▸ **What the task asks**: Beneath this line are the data; copy exactly the part of them that opens with the line containing "2 vỉ kim máy may gia đình hiệu Organ" and closes with the line containing "create professional patreon", and only that part.

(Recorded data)
********************

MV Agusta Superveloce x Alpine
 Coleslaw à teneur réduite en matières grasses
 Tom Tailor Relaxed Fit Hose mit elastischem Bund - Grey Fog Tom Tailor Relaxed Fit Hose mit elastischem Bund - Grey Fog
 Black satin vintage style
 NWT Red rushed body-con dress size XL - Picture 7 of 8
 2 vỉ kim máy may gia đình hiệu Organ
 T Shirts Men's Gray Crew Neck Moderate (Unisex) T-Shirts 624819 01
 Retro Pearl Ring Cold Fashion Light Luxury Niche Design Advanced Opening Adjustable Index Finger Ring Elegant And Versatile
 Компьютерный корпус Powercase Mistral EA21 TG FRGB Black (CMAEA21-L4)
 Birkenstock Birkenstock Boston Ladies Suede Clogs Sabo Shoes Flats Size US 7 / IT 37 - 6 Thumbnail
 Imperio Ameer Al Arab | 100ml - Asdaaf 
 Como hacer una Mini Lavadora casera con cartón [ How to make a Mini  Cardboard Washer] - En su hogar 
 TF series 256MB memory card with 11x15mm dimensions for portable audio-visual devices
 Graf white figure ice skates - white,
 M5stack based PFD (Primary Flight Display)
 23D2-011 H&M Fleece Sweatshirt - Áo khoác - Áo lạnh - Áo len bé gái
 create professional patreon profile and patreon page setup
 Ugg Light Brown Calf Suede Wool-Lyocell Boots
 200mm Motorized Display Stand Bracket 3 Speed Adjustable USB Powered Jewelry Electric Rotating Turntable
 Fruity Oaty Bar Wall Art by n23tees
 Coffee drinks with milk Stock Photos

********************

▸ **Your solution**:
 2 vỉ kim máy may gia đình hiệu Organ
 T Shirts Men's Gray Crew Neck Moderate (Unisex) T-Shirts 624819 01
 Retro Pearl Ring Cold Fashion Light Luxury Niche Design Advanced Opening Adjustable Index Finger Ring Elegant And Versatile
 Компьютерный корпус Powercase Mistral EA21 TG FRGB Black (CMAEA21-L4)
 Birkenstock Birkenstock Boston Ladies Suede Clogs Sabo Shoes Flats Size US 7 / IT 37 - 6 Thumbnail
 Imperio Ameer Al Arab | 100ml - Asdaaf 
 Como hacer una Mini Lavadora casera con cartón [ How to make a Mini  Cardboard Washer] - En su hogar 
 TF series 256MB memory card with 11x15mm dimensions for portable audio-visual devices
 Graf white figure ice skates - white,
 M5stack based PFD (Primary Flight Display)
 23D2-011 H&M Fleece Sweatshirt - Áo khoác - Áo lạnh - Áo len bé gái
 create professional patreon profile and patreon page setup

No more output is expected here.